(本記事は、株式会社フェイスネットワーク蜂谷二郎氏の著書『不動産活用で資産を守る 相続対策50の新常識』税理士法人チェスター監修の中から一部を抜粋・編集しています)
Q人口が減る日本で不動産の価値は下がるだけですよね?新型コロナも影響しそう…
需要の高い・低いで資産価値は二極化。居住用にコロナの影響は見られない!
●少子高齢化で不動産市場の需給が悪化すると言われるが…
日本では他の先進国を凌ぐピッチで高齢化が進んでいることは、すでに広く知られていることでしょう。併せて出生率の低下にも歯止めがかからず、いわゆる少子高齢化で総人口の減少傾向が続いています。
国立社会保障・人口問題研究所が算出した将来推計によれば、2015(平成27)年に実施された国勢調査において1億2709万人だった総人口は、2065年に8808万人に減少する見通しです。また、2015(平成27)年の時点で26・6%だった老年人口の割合は、2065年に38・4%まで拡大すると予測されています。
そうなれば、相続の発生件数も増加するのは必至でしょう。すでに全国各地で空き家問題が深刻化しているように、相続した実家に子どもが住まないケースも多く、今後はさらにそういった物件が続々と売りに出されることが想定されます。
一方で、マイホーム購入の中心世代である30〜40代の人口は減少傾向が続きます。こうして需要が低迷する中で空き家をはじめとする供給ばかりが増え、不動産価格には大きな下落圧力がかかると言われています。

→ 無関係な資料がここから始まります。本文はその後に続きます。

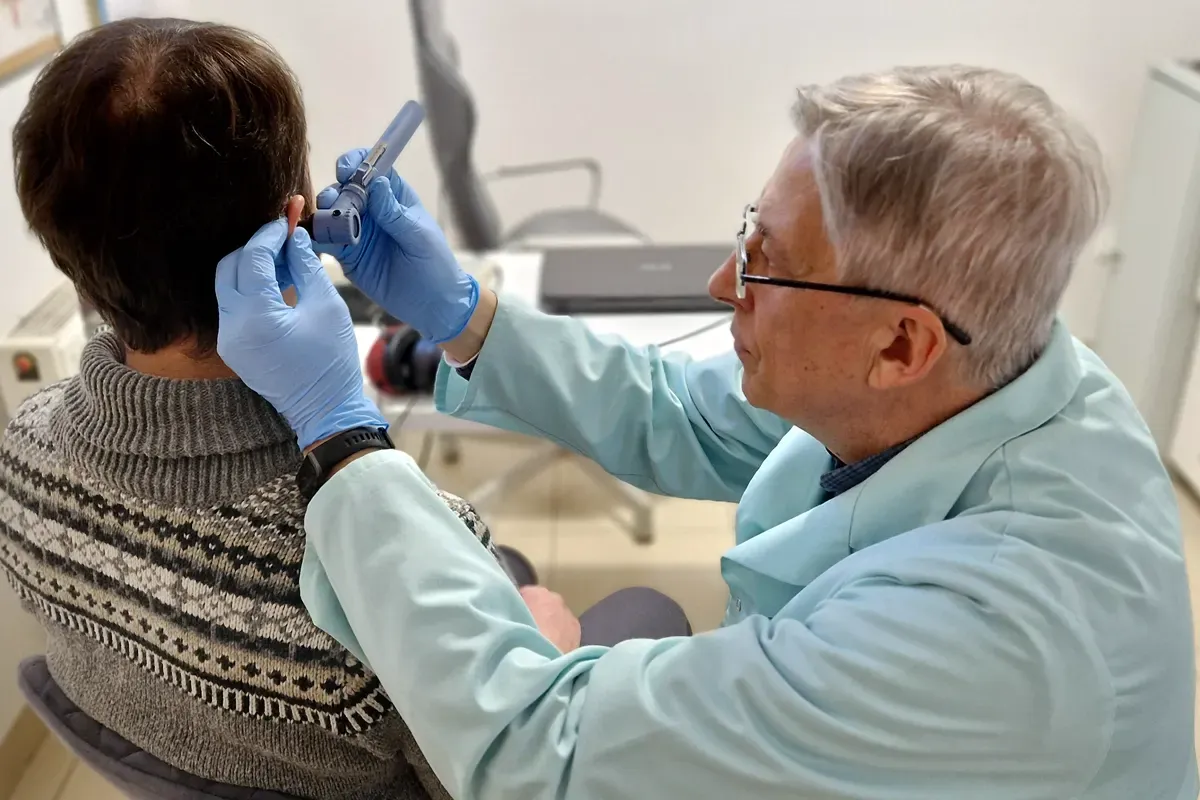 Lekarz bada ucho pacjenta, co jest pierwszym krokiem, by dowiedzieć się, jak załatwić aparat słuchowy na NFZ.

●日本の総人口が減っても、逆に増え続けていくエリアが点在している
しかしながら、「少子高齢化で日本の不動産市場は低迷する」との指摘は、「木を見て森を見ず」ということわざの逆パターンではないでしょうか?確かに森(日本全体)を見渡すとそのような傾向がうかがえるかもしれませんが、個別の木(エリア)に焦点を当てると、状況が大きく異なっているケースが考えられるのです。

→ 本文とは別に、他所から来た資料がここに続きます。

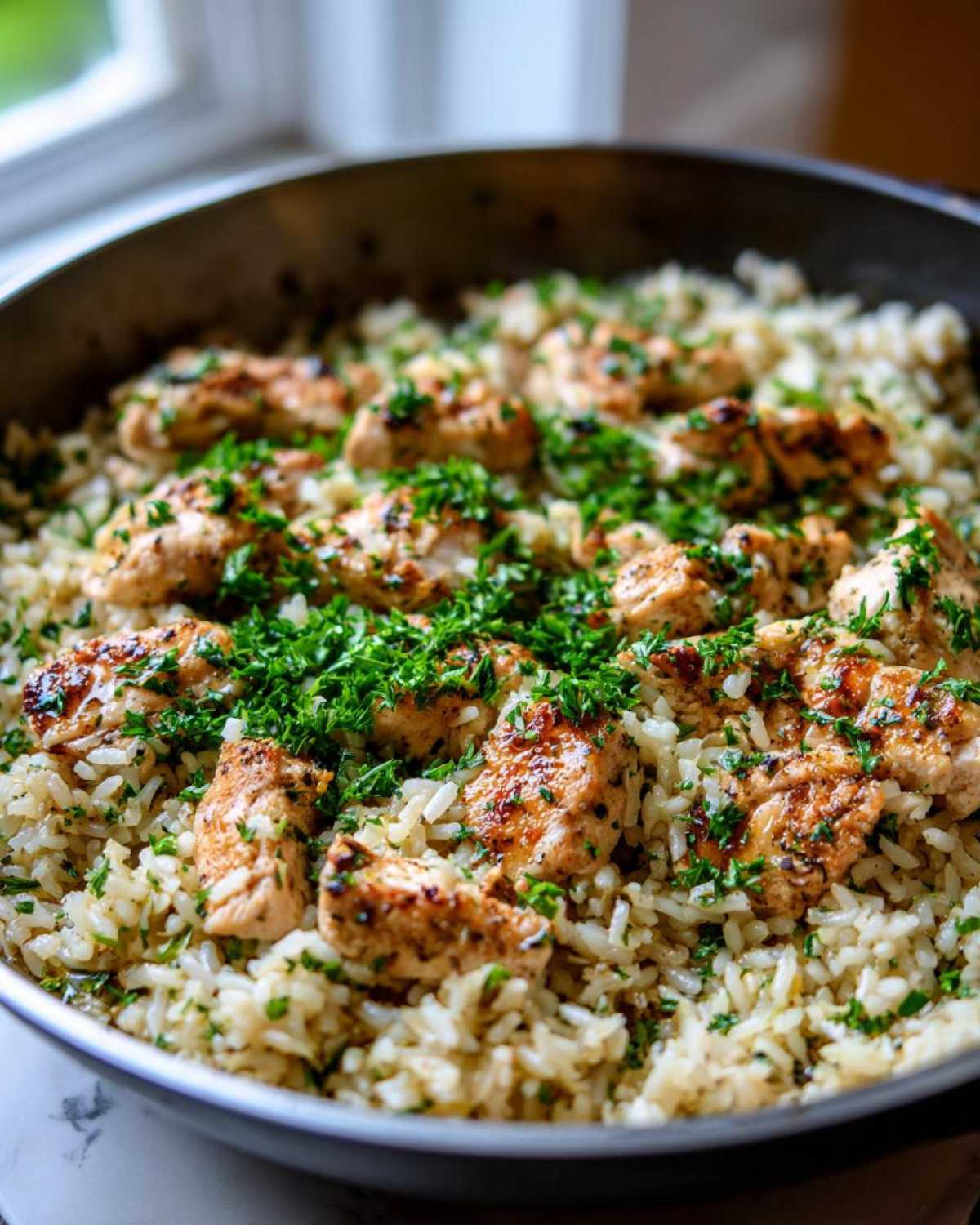 Close-up of Garlic Butter Rice with Chicken Skillet, topped with fresh parsley.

その一例として挙げられるのは、都心にアクセスしやすいロケーションにありながら、自然も豊富に残されている世田谷区です。同区が公表している将来人口推計によれば、その総人口は一貫して増加傾向が続き、2042年には108万7275人に達し、2017年と比べて約19万人も増加するとのことです[図1-8]。
さらに注目したいのは、世田谷区における人口ピラミッドの変化です。現状は40代前後が人口構成のピークとなっており、それらの世代が年齢を経るにつれて次第に上方に移動していくものの、10代後半〜20代の世田谷区への転入超過が続くことが想定されます。
その結果、2037年には20〜30代が占める割合がかなり増加すると推測されているのです。それらの世代は結婚して子育てをする場所としても世田谷区に転入すると目され、出生の増加によって年少人口も下方から増加傾向を示すと予測されています[図1-9]。
こうして住む人が増えることが見込まれているエリアでは、不動産価格が下がるどころか、むしろ上がる可能性さえ考えられそうです。そして、比較的若い世代の割合が増えていけば、着実に賃貸需要が見込まれることでしょう。